*** Block opens ***
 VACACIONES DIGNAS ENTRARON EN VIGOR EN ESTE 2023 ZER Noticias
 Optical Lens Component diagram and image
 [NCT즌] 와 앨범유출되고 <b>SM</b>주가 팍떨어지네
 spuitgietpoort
*** Block closes ***
*** Block opens ***
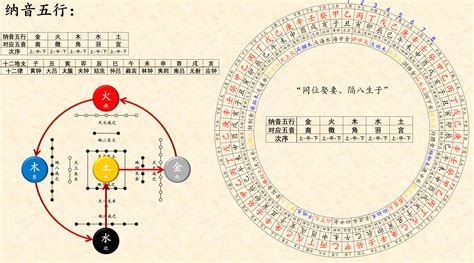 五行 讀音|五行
*** Block closes ***
*** Block opens ***
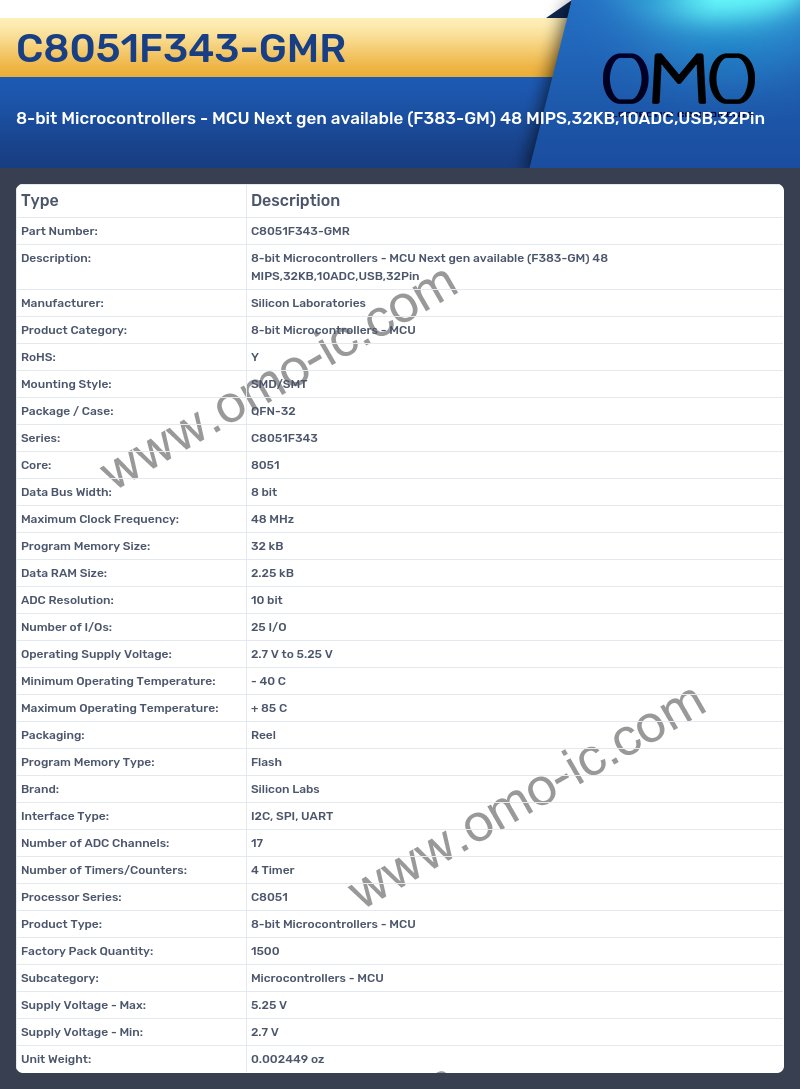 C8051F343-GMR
*** Block closes ***
YOUR TASK. Print exactly the lines of the listing above starting at the line containing "Optical Lens Component diagram and image" and ending at the line containing "spuitgietpoort", both included.

ANSWER BOX.
 Optical Lens Component diagram and image
 [NCT즌] 와 앨범유출되고 <b>SM</b>주가 팍떨어지네
 spuitgietpoort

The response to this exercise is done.